Beware of merging sources and/or citations

I recently made a resolution to move entirely from RM7 to RM9, largely because the search features in RM9 make it much easier to work with names and sources, reducing duplication since I can find what I want in the lists. I worked for ten days and cleaned up a lot, including more than 500 separate sources from Find-a-Grave. Each uses the built-in (RM7) template and is listed separately in my source list like this: “Prescott, Sarah Hayward (1645-1709) - FindaGrave #37130889.”

I went on to other clean-up tasks and then ran the tools to merge duplicate sources and duplicate citations. I thought it was amazing that the source count went from 2330 to 1520, and the citations list went from 29370 to 4640. I thought – “wow, what an improvement!” I spent the next five days working on all sorts of other details to freshen my main file.

I should have been thinking “OMG, what a disaster,” because I just now found only FOUR FindaGrave citations left in the file after I ran the merge tools. It doesn’t appear other sources were affected like this. Now I need to choose whether to rebuild yesterday’s file (without nearly 500 FindaGrave sources) or last week’s backup (with all the FindaGrave sources intact but without five days of other editing).
So, before I do anything I’m asking for help and advice!

There is a rock and a hard place involved in your question.

On the one hand, it’s almost mandatory that you run the Merge Duplicate Citations tool after you import your RM7 database into RM9. Otherwise, duplicate footnotes and endnotes will not merge in any way when you run reports. For me at least, that’s pretty awful.

On the other hand, it’s almost mandatory that you not run the Merge Duplicate Citations tool after you import your RM7 database into RM9. Otherwise, certain citations that are not really duplicate will merge anyway creating the kind of disaster you have just encountered. That’s also pretty awful.

The situation that I’m most familiar with concerning false merges of citations that are not really duplicate is when the citations differ only in having a different image file. That can happen when downloading from Ancestry using TreeShare when the Ancestry collection providing the source is only partially indexed and when the citations in Ancestry differ only by the image file.

I’m not familiar with the same thing happening with FindaGrave citations. Your example of “Prescott, Sarah Hayward (1645-1709) - FindaGrave #37130889" sounds on its face like it should be ok because there seems to be a lot information that should be different for every citation. However, my RM7 does not have a built-in source template for FindaGrave, so your RM7 doesn’t either. That template has to have come into your RM7 database some other way. Maybe it was put there by TreeShare?

I enter all my sources completely by hand, so I don’t run into the problem of citations that differ only by the media file. And citations that differ only by a WebTag could have the same problem of differing only by the WebTag.

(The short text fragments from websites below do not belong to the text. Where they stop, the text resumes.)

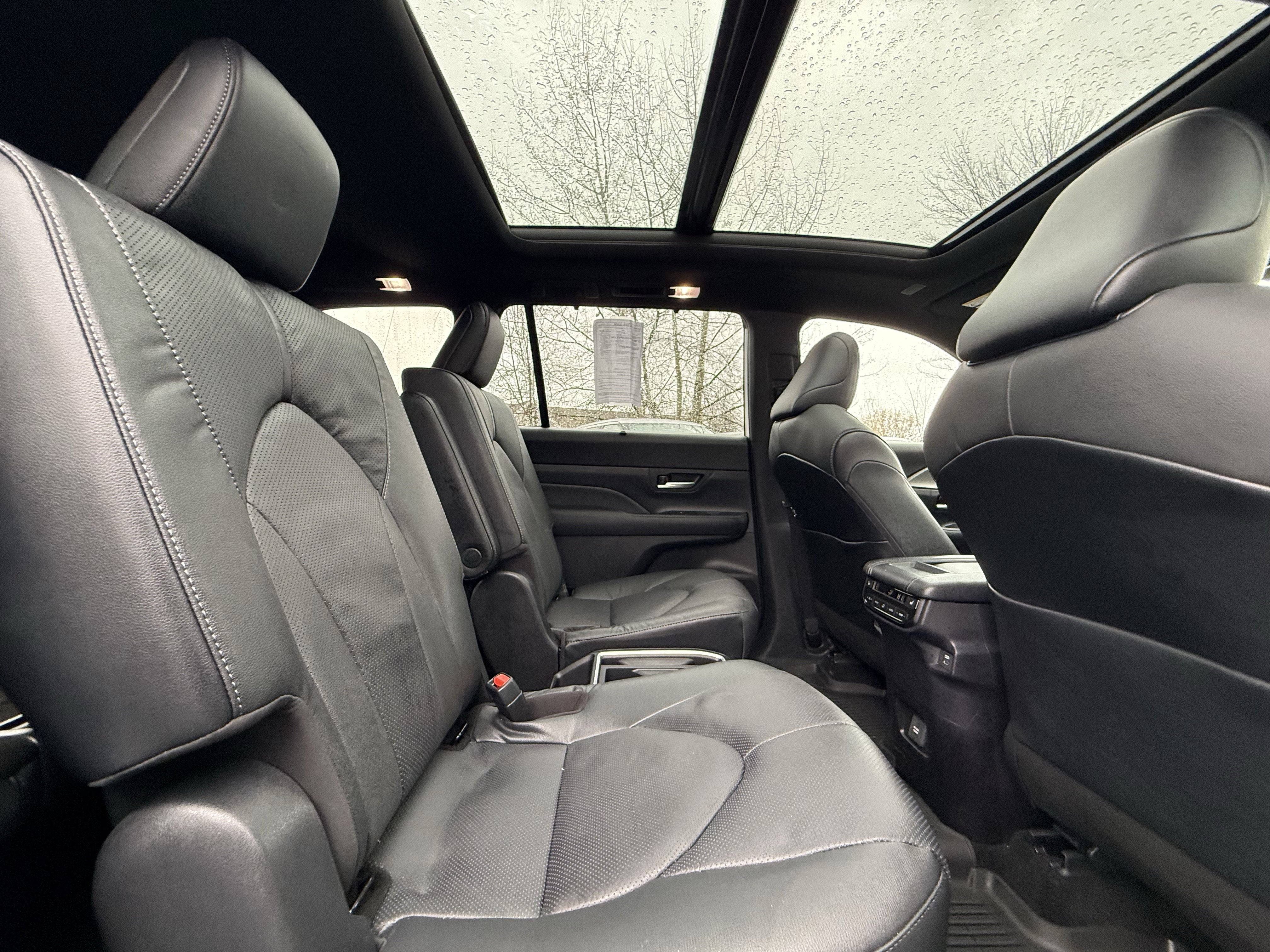 2025 Toyota Grand Highlander Hybrid Nightshade Edition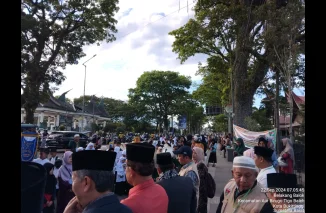 74 Kelompok DDS Dari Berbagai Kelurahan Ikuti Pawai Ta'aruf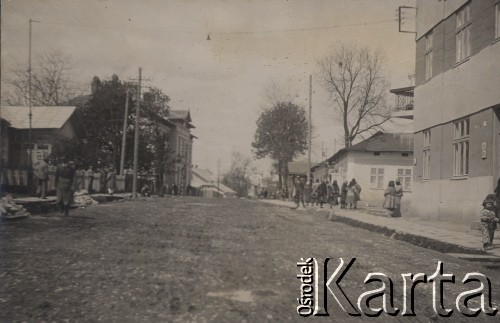 1935, Horodenka, woj. Stanisławów, Polska.
Ulica Batorego przed przebudową.
Fot. NN, zbiory Ośrodka KARTA, kolekcję Edwarda Skrzyńskiego udostępniła Izabella Srzednicka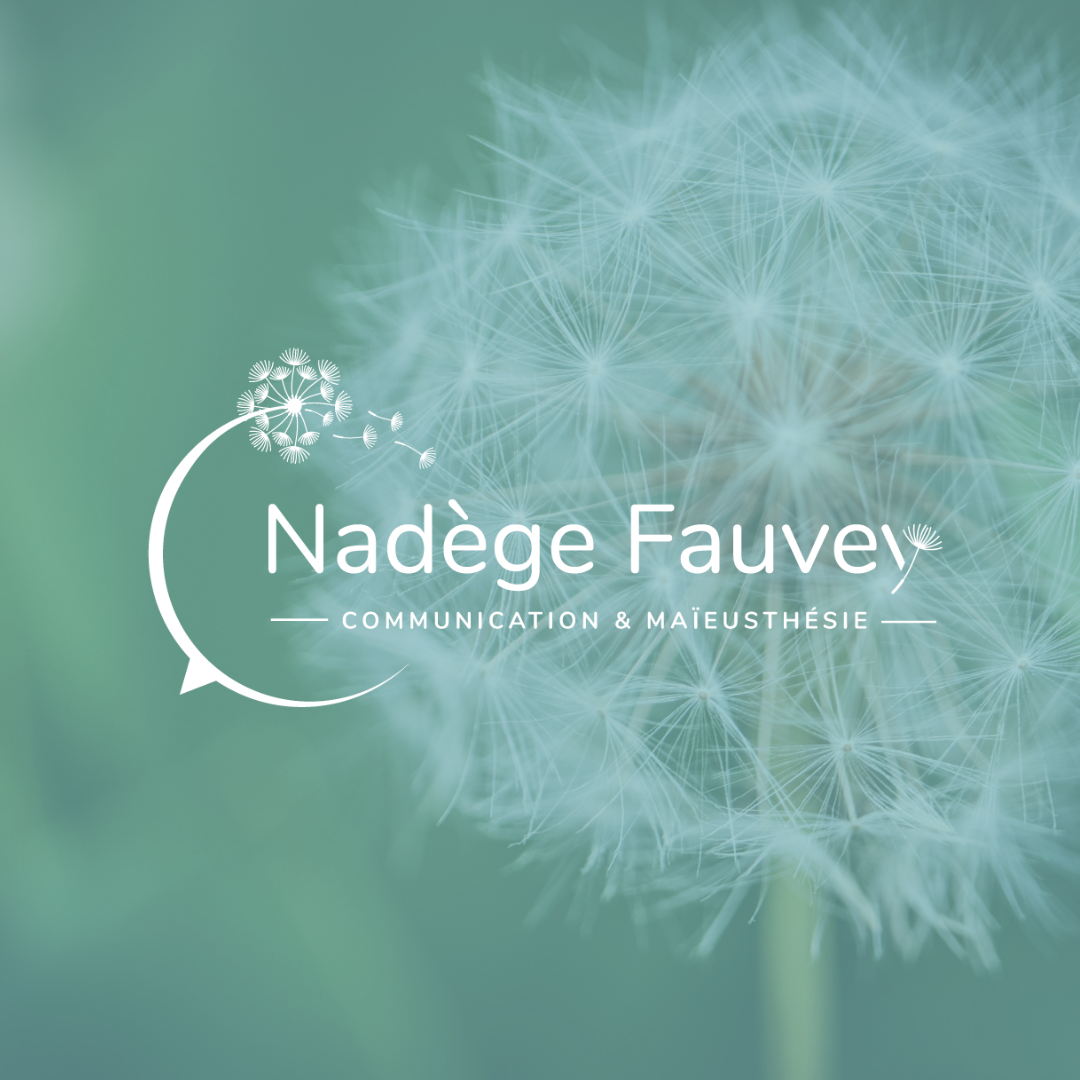 Logo Nadège Fauvey sur fond bleu transparent avec pissenlit maïeusthésie 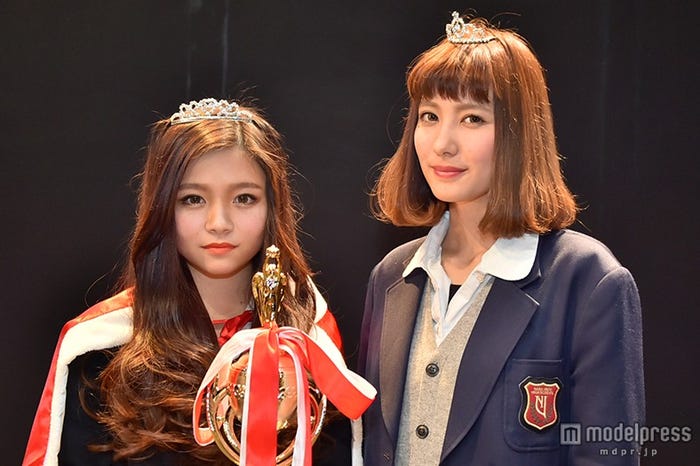 「関西女子高校生ミスコン2014」グランプリの「みゆ」さん(左)、準グランプリの「あやか」さん(右)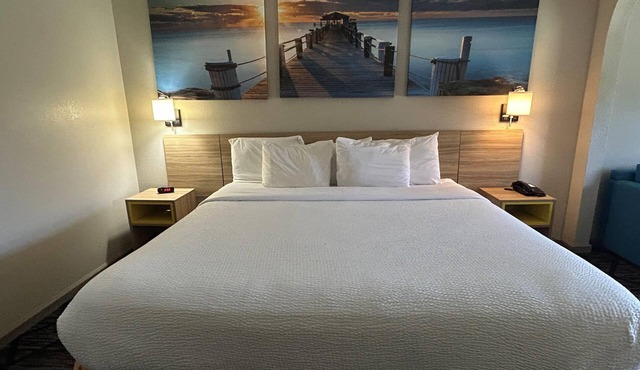 Days Inn & Suites by Wyndham Stockbridge South Atlanta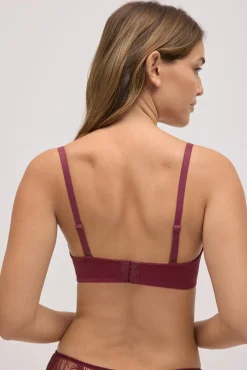 Sujetador con aro sin relleno de encaje granate copas B y C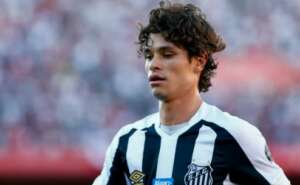 Dodô participa de treino e pode reforçar o Santos contra o Botafogo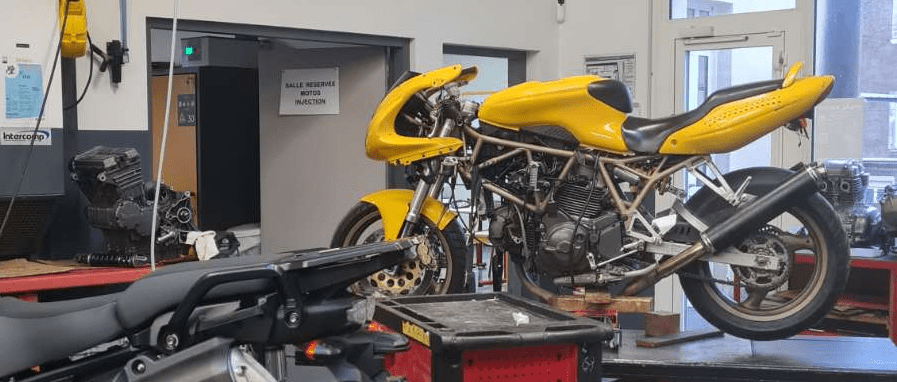 Atelier moto lycée Jacques Brel Saint Pons de Thomières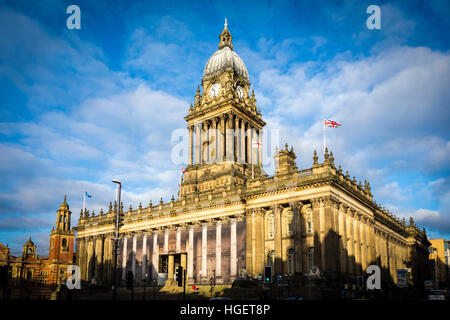 Leeds Town Hall dell'architetto Cuthbert Brodrick. Il Headrow, Leeds, West Yorkshire, Regno Unito Foto Stock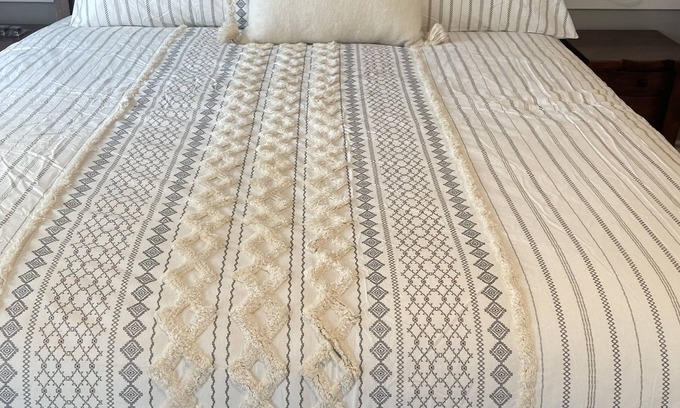 South Kortright Cama Y Desayuno | Cozy B&B with WiFi and AC in welcoming South Kortright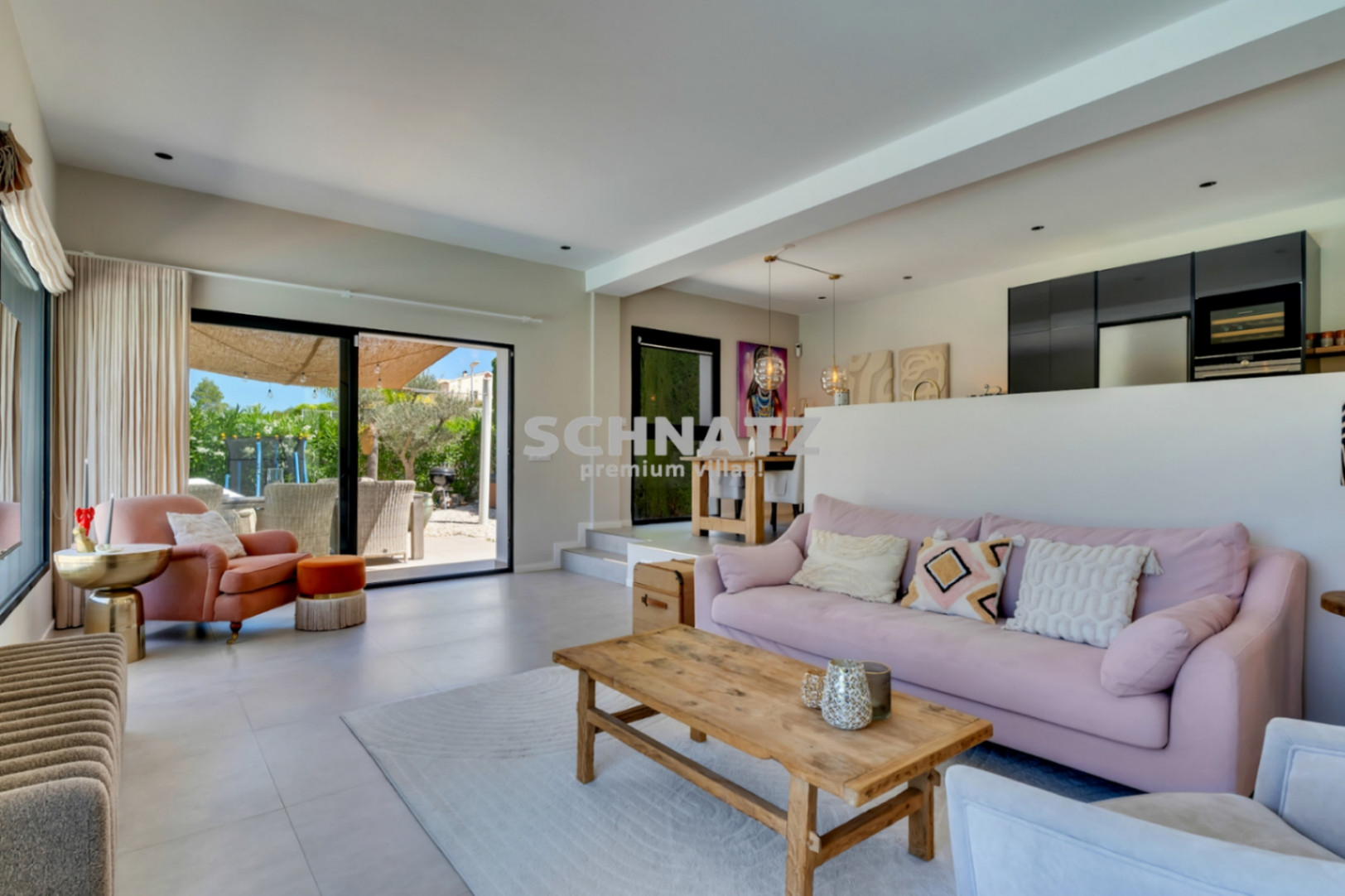 Top-Villa ubicada en una demandada urbanizacion con vistas impresionantes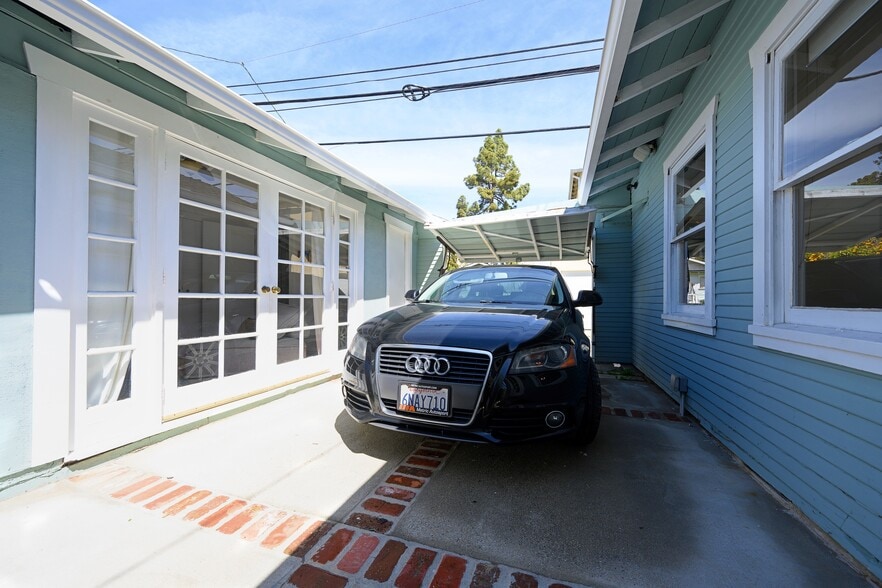 Car port area - 2213 Arizona Ave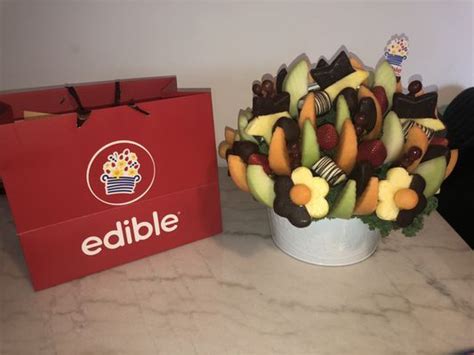 Edible arrangements maryland. Edible Arrangements Baltimore. 510 likes. Our arrangements are made with fresh, handpicked fruit and topped with gourmet chocolate! Contact one of our 17 locally-owned Edible Arrangements in the... 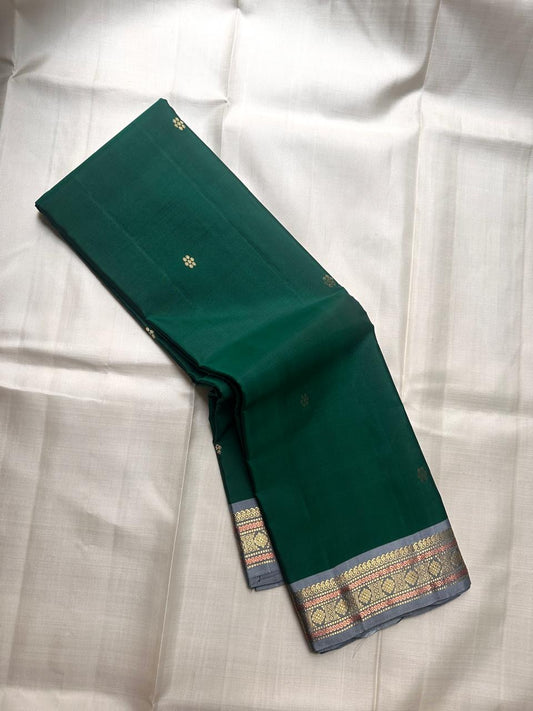 Grey pallu section of pure Kanchipuram silk saree with vertical antique gold zari panels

I don’t understand your situation well enough to provide a complete solution. But I do think you are going to need to delete your current RM9 database and import it all over again from RM7. But before you do, I think you are going to need to look into your RM7 database and look at that FindaGrave template to see what’s going on. Also, look at some of the FindaGrave citations in RM7 to see how they do or do not differ.

1 Like

If the Citation Details are blank, and you only have added items like Media or WebTags it won’t see them as unique citations and they will be merged. To prevent those merges you need to give the Citation an unique Citation Name.

To preclude such false merges, the RM application needs to take into account whether there are differences among WebTags and among Media tags. This has been a requested fix for the user trap created by the Merge All Duplicate Citations feature since it was first reported years ago.

Thank you for helping here. I’ve been digging deeper and see that four of these FindaGrave records did survive – four out of 542, but I don’t see why. Three are on based on my RM7 template (which I think came with an update) and one on the ee-FindaGrave template. Here’s a sample of one that didn’t survive – I don’t have anything in the “citation detail text, media” box, but obviously I have unique information in each “citation details” panel.

Maybe the more important question is “what now?” Do I re-enter every single FindaGrave source using the ee-FindaGrave template, and then put something unique in the “citation detail text, etc.” panel. I guess I need to experiment. Maybe someone can suggest a shortcut to ease the pain!

One suggestion I might make is to go back to your last RM9 backup before the Auto Merge rather than going all the way back to RM7 as a part of recovering.

I have some puzzlement about why so many of the FindaGrave citations merged. The only way to tell would be to look at the citation in RM7 or to restore to RM9 from before the merge and look at the citations there. I don’t think there is any way to figure out what happened just by looking at your RM9 database after the merge.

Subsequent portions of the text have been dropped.